I called my mother on the phone today. At 94, her hearing is going and she sleeps a lot and when we are on the phone together, I can feel her knowing that once she had a crisp tongue to wrap around crisp thoughts. Nowadays she is befuddled that she is befuddled. "Shit!" she said once or twice. And I can feel her dwindlings creeping up in my life as well. Yes, it is possible to think and enunciate and make nice, but the energy required seems just out of reach.

Once I went to a Vedanta temple to hear a very old teacher deliver a talk. He had walked and talked with people I revered only on the page of one book or another. But he was old now and his energies were banked. He got stuck as he read the pages he had written out for his talk. Again and again he read the same lines. Then he would look up at the audience and then back down at the page ... and read the same thing again. He did not say, "shit!"
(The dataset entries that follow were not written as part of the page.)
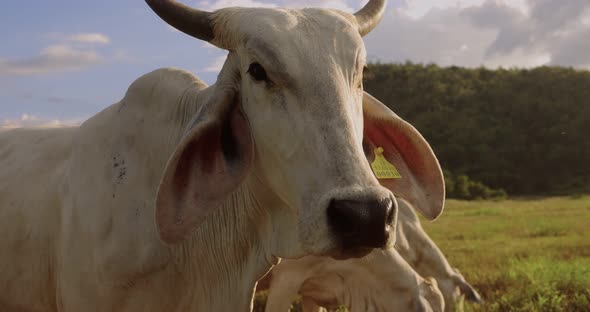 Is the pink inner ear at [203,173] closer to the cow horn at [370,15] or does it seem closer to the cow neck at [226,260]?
the cow neck at [226,260]

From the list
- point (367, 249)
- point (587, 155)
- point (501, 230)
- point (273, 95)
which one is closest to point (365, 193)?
point (367, 249)

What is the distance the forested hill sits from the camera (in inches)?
1058

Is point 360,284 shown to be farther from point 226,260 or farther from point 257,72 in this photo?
point 257,72

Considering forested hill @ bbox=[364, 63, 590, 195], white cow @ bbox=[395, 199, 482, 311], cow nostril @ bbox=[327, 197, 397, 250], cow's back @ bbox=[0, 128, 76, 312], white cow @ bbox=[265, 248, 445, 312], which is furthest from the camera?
forested hill @ bbox=[364, 63, 590, 195]

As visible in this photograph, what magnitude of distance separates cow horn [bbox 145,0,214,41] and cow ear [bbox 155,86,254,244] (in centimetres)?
28

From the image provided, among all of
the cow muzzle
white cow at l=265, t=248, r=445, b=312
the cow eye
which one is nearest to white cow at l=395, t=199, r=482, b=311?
white cow at l=265, t=248, r=445, b=312

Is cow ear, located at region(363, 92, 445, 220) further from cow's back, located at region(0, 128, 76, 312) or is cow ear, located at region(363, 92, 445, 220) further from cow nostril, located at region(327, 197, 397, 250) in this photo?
cow's back, located at region(0, 128, 76, 312)

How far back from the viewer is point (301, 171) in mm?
2248

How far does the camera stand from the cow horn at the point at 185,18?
2643mm

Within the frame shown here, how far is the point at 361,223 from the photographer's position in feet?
6.53

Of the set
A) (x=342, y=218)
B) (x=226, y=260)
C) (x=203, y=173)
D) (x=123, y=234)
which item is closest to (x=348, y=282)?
(x=226, y=260)

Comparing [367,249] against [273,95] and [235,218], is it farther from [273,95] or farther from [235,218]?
[235,218]

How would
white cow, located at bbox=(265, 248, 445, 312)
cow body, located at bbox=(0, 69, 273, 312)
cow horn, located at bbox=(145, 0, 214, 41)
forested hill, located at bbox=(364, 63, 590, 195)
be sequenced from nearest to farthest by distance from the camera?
cow horn, located at bbox=(145, 0, 214, 41) → cow body, located at bbox=(0, 69, 273, 312) → white cow, located at bbox=(265, 248, 445, 312) → forested hill, located at bbox=(364, 63, 590, 195)

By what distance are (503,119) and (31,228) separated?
3009 centimetres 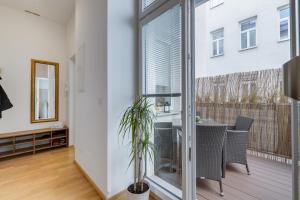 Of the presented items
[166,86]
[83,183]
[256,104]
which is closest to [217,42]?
[256,104]

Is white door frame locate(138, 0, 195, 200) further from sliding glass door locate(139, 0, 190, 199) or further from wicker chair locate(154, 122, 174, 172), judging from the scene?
wicker chair locate(154, 122, 174, 172)

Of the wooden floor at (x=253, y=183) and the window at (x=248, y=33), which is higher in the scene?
the window at (x=248, y=33)

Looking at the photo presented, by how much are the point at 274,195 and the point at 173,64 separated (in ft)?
6.67

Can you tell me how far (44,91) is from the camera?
13.4ft

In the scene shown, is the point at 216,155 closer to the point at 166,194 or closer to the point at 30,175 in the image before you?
the point at 166,194

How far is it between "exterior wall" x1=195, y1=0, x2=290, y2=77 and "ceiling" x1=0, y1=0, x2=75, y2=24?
9.80 ft

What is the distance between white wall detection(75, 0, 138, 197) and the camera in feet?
6.48

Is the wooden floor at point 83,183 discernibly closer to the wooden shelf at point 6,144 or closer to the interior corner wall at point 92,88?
the interior corner wall at point 92,88

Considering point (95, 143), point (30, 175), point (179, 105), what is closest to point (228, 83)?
point (179, 105)

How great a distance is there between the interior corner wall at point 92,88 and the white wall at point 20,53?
1.76 metres

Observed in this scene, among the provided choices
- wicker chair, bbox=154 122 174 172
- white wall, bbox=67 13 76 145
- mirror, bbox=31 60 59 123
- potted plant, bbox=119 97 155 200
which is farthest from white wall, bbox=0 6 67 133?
wicker chair, bbox=154 122 174 172

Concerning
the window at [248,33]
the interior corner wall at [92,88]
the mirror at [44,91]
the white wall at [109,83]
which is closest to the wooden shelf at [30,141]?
the mirror at [44,91]

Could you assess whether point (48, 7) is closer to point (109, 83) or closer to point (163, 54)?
point (109, 83)

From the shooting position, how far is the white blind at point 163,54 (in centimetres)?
178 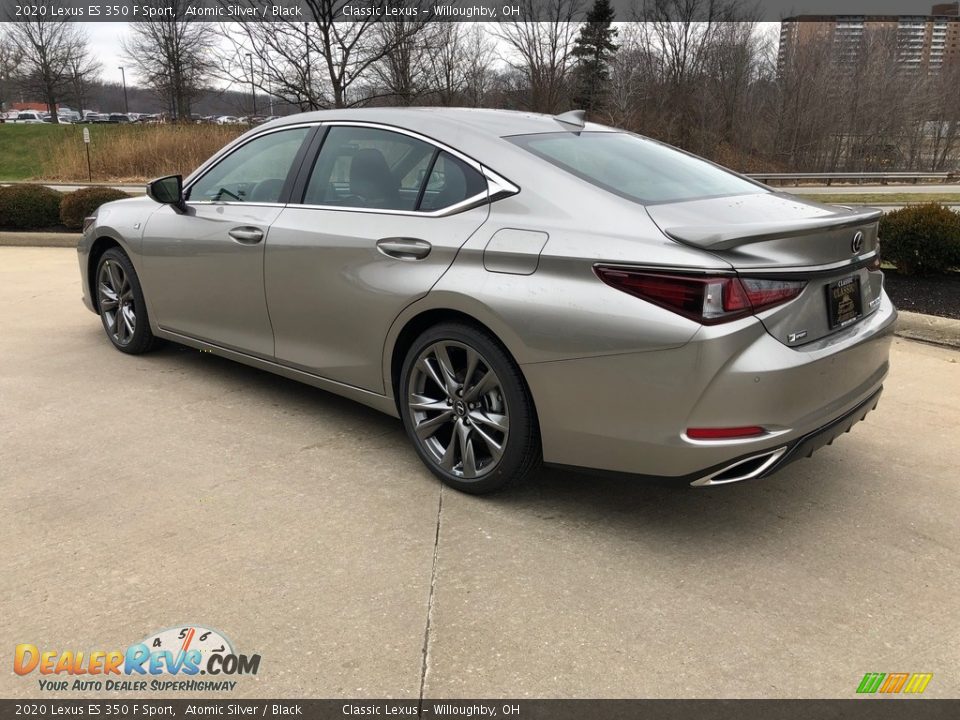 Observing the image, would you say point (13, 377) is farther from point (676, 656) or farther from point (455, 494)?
point (676, 656)

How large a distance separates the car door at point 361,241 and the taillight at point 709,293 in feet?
2.69

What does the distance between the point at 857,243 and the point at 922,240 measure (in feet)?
14.3

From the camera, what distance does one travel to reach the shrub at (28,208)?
428 inches

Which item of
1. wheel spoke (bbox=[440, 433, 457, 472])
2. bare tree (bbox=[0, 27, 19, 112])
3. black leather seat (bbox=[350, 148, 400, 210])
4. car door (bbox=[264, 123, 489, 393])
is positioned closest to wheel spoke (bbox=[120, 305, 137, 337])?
car door (bbox=[264, 123, 489, 393])

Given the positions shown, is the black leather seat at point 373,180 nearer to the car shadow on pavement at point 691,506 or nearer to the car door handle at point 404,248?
the car door handle at point 404,248

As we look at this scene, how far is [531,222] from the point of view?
10.1 ft

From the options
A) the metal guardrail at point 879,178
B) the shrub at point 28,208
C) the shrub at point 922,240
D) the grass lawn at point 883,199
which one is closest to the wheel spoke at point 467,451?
the shrub at point 922,240

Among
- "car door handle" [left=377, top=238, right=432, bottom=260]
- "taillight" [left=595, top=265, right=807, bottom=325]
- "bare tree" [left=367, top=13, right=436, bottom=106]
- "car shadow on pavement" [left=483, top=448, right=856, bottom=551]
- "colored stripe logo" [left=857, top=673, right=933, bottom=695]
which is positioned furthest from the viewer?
"bare tree" [left=367, top=13, right=436, bottom=106]

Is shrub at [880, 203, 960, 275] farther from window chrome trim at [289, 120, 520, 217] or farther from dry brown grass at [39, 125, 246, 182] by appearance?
dry brown grass at [39, 125, 246, 182]

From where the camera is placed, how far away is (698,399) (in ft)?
8.70

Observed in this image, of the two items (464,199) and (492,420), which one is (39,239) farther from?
(492,420)

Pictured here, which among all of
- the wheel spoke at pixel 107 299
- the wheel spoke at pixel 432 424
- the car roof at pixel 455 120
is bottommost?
the wheel spoke at pixel 432 424

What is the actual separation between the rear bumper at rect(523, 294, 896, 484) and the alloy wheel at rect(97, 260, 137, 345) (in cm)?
340

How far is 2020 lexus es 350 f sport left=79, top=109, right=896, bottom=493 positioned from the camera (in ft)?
8.79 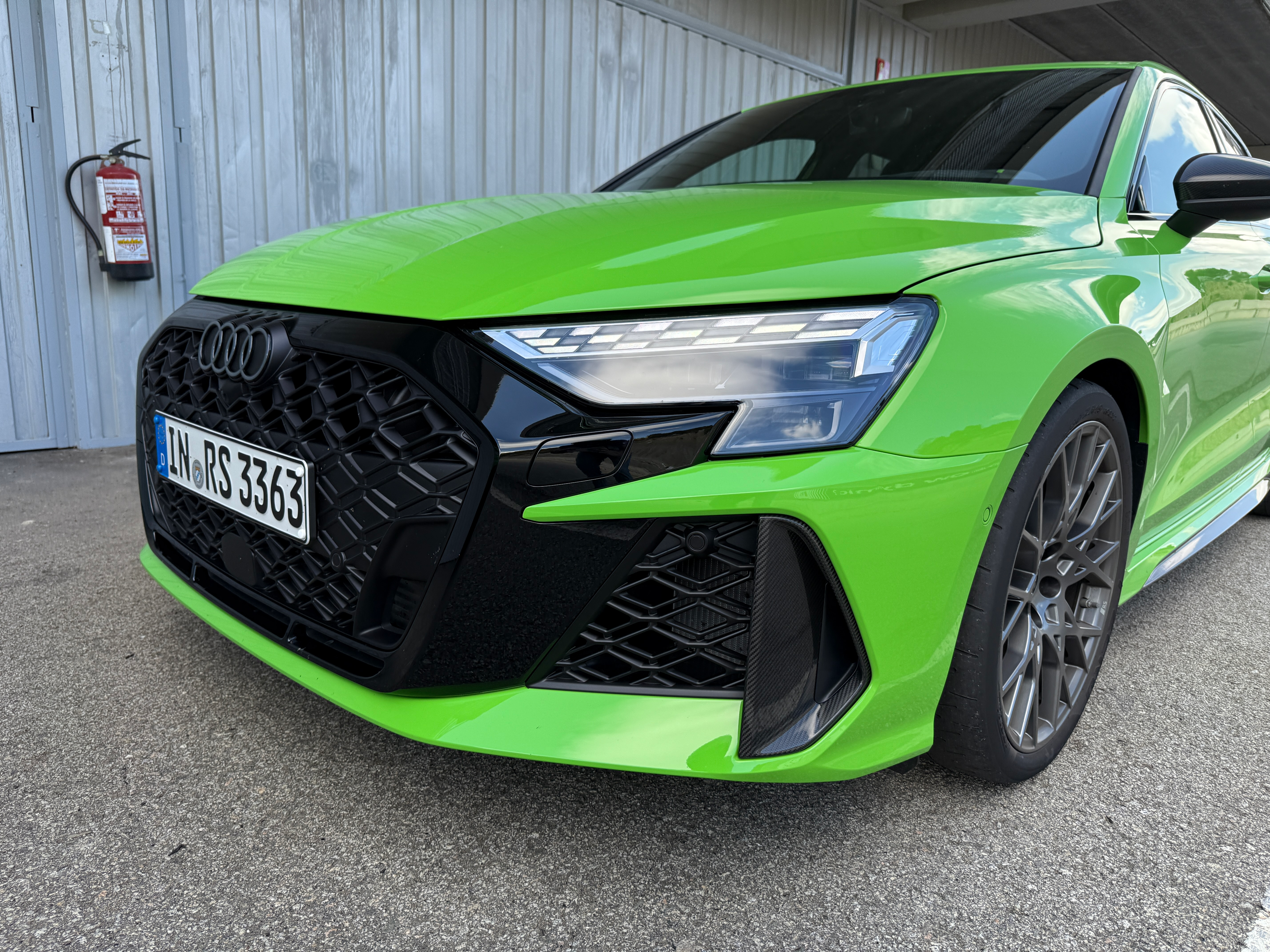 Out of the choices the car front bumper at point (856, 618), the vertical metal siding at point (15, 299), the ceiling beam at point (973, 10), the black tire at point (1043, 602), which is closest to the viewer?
the car front bumper at point (856, 618)

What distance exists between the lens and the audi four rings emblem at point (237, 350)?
4.68ft

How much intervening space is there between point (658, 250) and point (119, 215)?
3574mm

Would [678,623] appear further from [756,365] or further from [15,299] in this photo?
[15,299]

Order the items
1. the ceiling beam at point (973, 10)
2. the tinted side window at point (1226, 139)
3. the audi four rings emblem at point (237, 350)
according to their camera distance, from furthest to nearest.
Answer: the ceiling beam at point (973, 10) < the tinted side window at point (1226, 139) < the audi four rings emblem at point (237, 350)

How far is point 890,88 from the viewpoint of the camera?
2.38 m

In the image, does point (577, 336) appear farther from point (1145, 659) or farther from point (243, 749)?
point (1145, 659)

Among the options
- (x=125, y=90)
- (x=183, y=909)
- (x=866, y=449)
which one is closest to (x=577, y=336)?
(x=866, y=449)

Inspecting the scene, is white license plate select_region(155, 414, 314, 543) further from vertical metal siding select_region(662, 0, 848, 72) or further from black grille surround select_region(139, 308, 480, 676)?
vertical metal siding select_region(662, 0, 848, 72)

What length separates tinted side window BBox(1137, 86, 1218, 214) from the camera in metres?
1.92

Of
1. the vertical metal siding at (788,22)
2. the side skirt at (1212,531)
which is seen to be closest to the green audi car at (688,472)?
the side skirt at (1212,531)

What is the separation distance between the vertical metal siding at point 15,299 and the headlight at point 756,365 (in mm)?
3725

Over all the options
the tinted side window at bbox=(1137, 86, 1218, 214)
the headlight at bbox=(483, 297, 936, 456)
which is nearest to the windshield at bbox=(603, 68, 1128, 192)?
the tinted side window at bbox=(1137, 86, 1218, 214)

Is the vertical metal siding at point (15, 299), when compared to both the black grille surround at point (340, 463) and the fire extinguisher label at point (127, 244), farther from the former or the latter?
the black grille surround at point (340, 463)

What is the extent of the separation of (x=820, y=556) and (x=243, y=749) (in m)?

And yet somehow it was OK. It was just the passing of time. The connection and affection were no less just because the sinews and muscle of mind had grown weak. The words might have been nice, but they were not the important part. Words were just the part that had once been imbued with importance. Now the important part was front and center. He, like my mother, might have said "banana, banana, banana, banana, banana, banana, banana, banana, banana ..." and still the important part would not have been missing.

Finally, because I did not want my mother to feel uncomfortable in her inabilities, I said, "I love you," and she echoed the sentiment and we both pretended that the words summed up what was important. They didn't, but sometimes bananas is all you've got.


  1. .."I said, "I love you," and she echoed the sentiment ..... the words summed up what was important."
    Nice, thanks for sharing this. The heart-felt words to your Mam was, as you put it, all that was needed. I have been reflecting on the way our society, at the drop of a hat, lauds the annunciation "I love you" phrase as if it was that odious "Have a nice day" throw-away. Growing up in a family and a era that guarded its emotions the "I love you" was so very special and generally left too late in its declaration. As a begrudging old man I somehow prefer that reservation and specialness. If the scattering of one's love rolls so easy of the tongue are we not belittling it without some realization that it also must translate into appropriate actions? When those special times occur, like you have mentioned above, when the most sublime of words are needed, what can we fall back on in our tired and trite vocabulary?

  2. I have always thought that "I love you" is one of the great koans of life. What's left after tired and trite vocabulary is, perhaps, enjoyment...of tired and trite vocabulary, perhaps.